Recently, an extended discussion has taken place over the fact that a portion of comments here were found to be offensive by some members of this community, while others denied their offensive nature or professed to be puzzled by why they are considered offensive. Several possible explanations for why the comments are offensive have been advanced, and solutions offered based on them:

Each of these explanations seems to have an element of truth, and each solution seems to have a chance of ameliorating the problem. But even though the discussion has mostly died down, we appear far from reaching an agreement, and I think one reason may be the lack of a general theory of the phenomenon of “offense”, in the sense of giving and taking offense, that we can use to explain what has happened, so all of the proposed explanations and solutions feel somewhat arbitrary and unfair.

(I think this article has it mostly right, but I’ll give a much shorter account since I can skip the background evo psych info, and I’m not being paid by the word. :)

Let’s consider what other behavior are often considered offensive and see if we can find a pattern:

  • use of vulgar language (where it’s not customarily used)
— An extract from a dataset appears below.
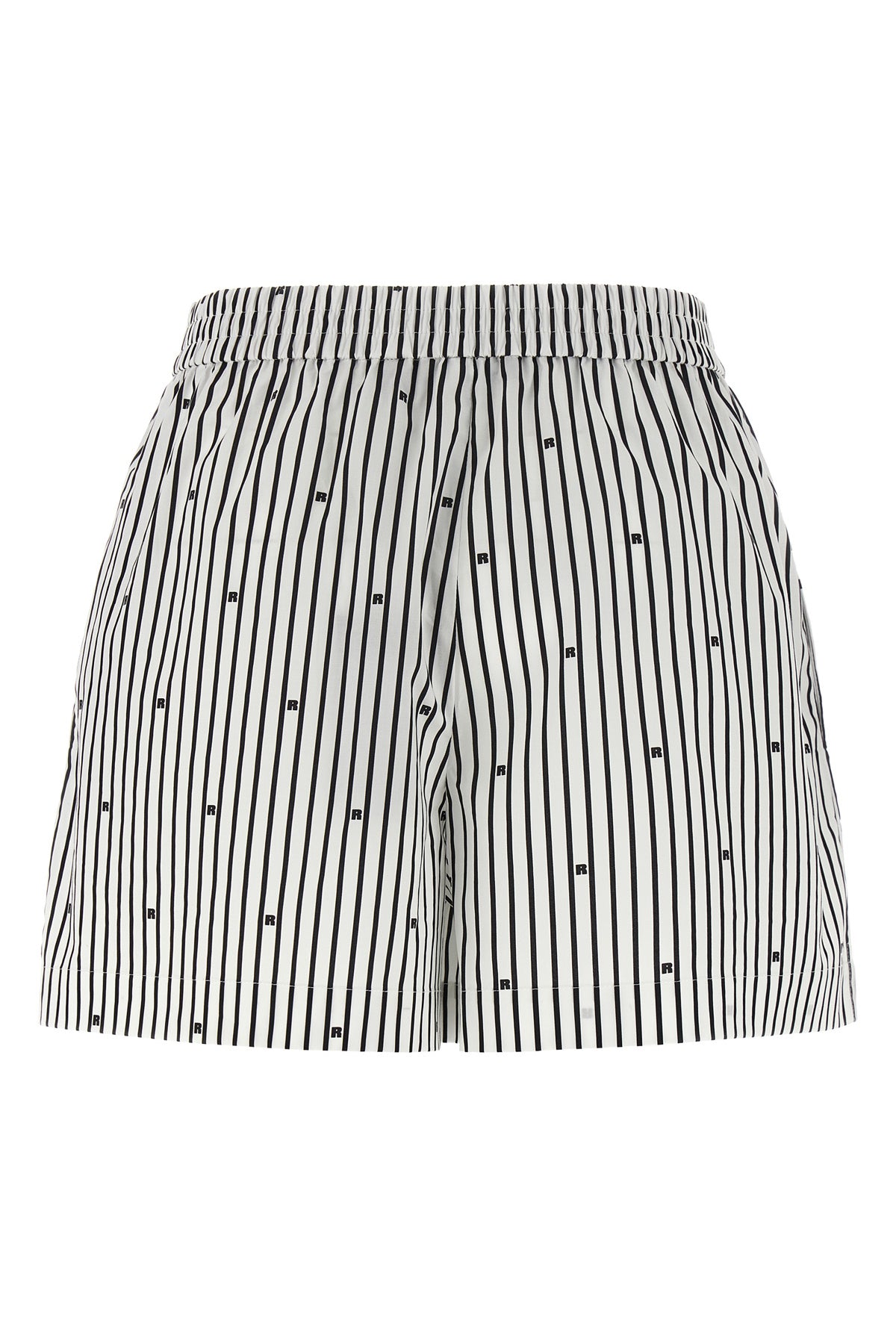 striped cotton poplin shorts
  • failing to address someone by their honorary titles

  • not affording someone their customary privileges

  • to impugn someone’s beauty, intelligence, talent, morality, honor, ancestry, etc.
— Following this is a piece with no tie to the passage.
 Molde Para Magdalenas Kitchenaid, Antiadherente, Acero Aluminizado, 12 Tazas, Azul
  • making a joke at someone’s expense

What do all these have in common? Hint: the answer is quite ironic, given the comment that first triggered this whole fracas.

most people here don’t value social status enough and (especially the men) don’t value having sex with extremely attractive women that money and status would get them

As you may have guessed by now, I think the answer is status. Specifically, to give offense is to imply that a person or group has or should have low status. Taking offense then becomes easy to explain: it’s to defend someone’s status from such an implication, out of a sense of either fairness or self-interest. Let’s go back to the three hypotheses I collected and see if this theory can cover them as special cases.
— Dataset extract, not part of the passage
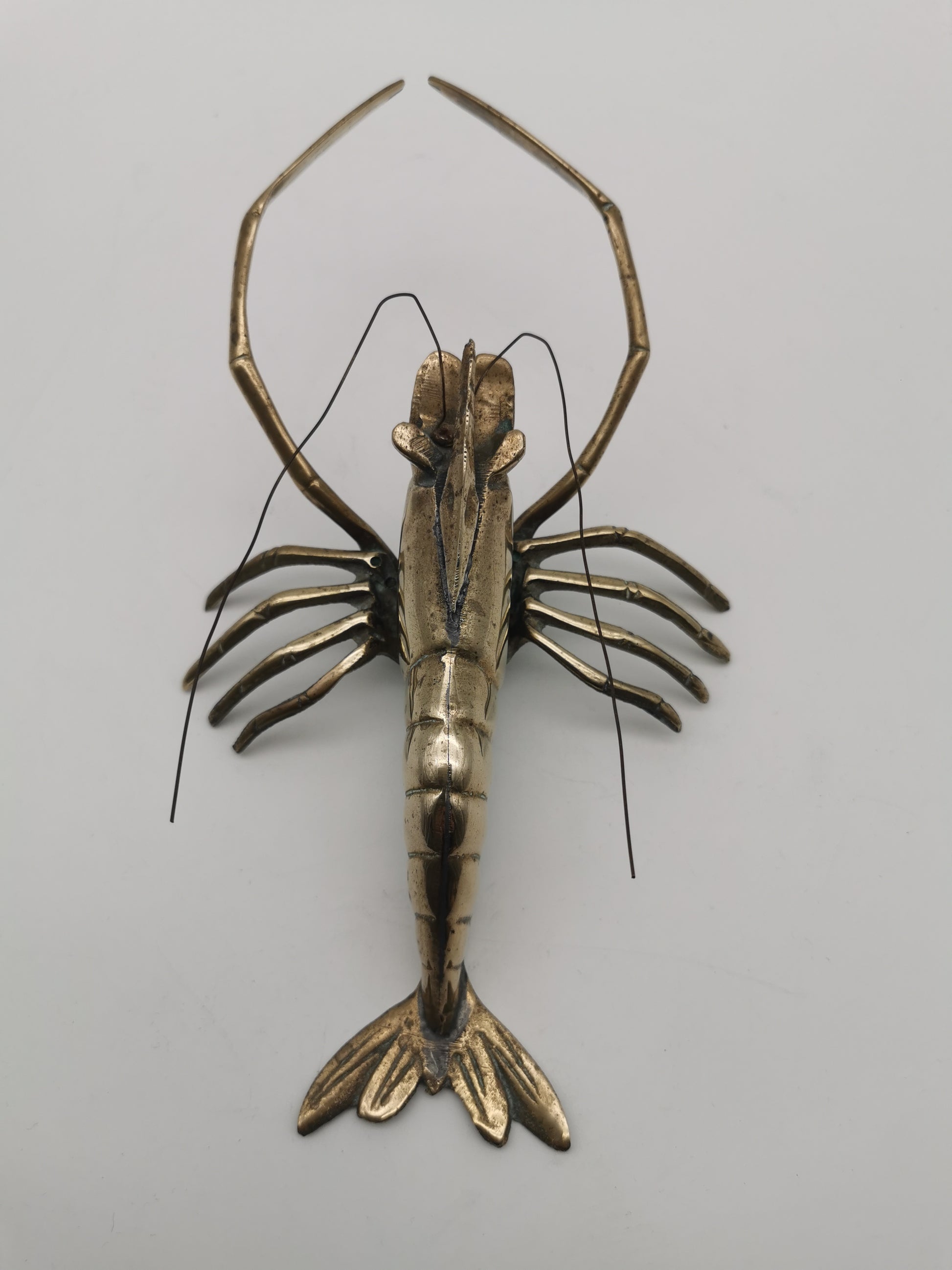 Vintage Brass Lobster Crawfish Sculpture – Mid-Century  Nautical Wall Art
to be thought of, talked about as, or treated like a non-person” Well, to be like a non-person is clearly to have low status.

analysis of behavior that puts the reader in the group being analyzed, and the speaker outside it” A typical situation in which one group analyzes the behavior of another is a scientific study. In such a study, the researchers usually have higher status than the subjects being studied. But even to offer a casual analysis of someone else’s behavior is to presume more intelligence, insight, or wisdom than that person.

exclusion from the intended audience” To be excluded from the intended audience is to be labeled an outsider by implication, and outsiders typically have lower status than insiders.

But to fully understand why this particular comment is especially offensive, I think we have to consider that it (as well as many PUA discussions) specifically advocates (or appears to advocate) treating women as sex objects instead of potential romantic partners. Now think of the status difference between a sex object and a romantic partner...

Ethical Implications

Usually, one avoids giving offense by minding one’s audience and taking care not to use any language that might cause offense to any audience member. This is very easy to do one-on-one, pretty easy in a small group, hard in front of a large audience (case in point: Larry Summers’s infamous speech), and almost impossible on an Internet forum with a large, diverse, and invisible audience, unless one simply avoids talking about everything that might possibly have anything to do with anyone’s status.

Still, that doesn’t mean that we shouldn’t try to avoid giving offense when we can do so without affecting the point that we’re making, or consider skipping a minor point if it necessarily gives offense. After all, to lower someone’s social status is to cause a real harm. On the other side of this interaction, we should consider the possibility that our offensiveness sense may be tuned too sensitively, perhaps for an ancestral environment where mass media didn’t exist and any offense might reasonably be considered both personal and intentional. So perhaps we should also try to be less sensitive and avoid taking offense when discussing ideas that are both important and inextricably linked with status.

P.S. It’s curious that there hasn’t been more research into the evolutionary psychology and ethics of offense. If such research does exist and I simply failed to find them, please let me know.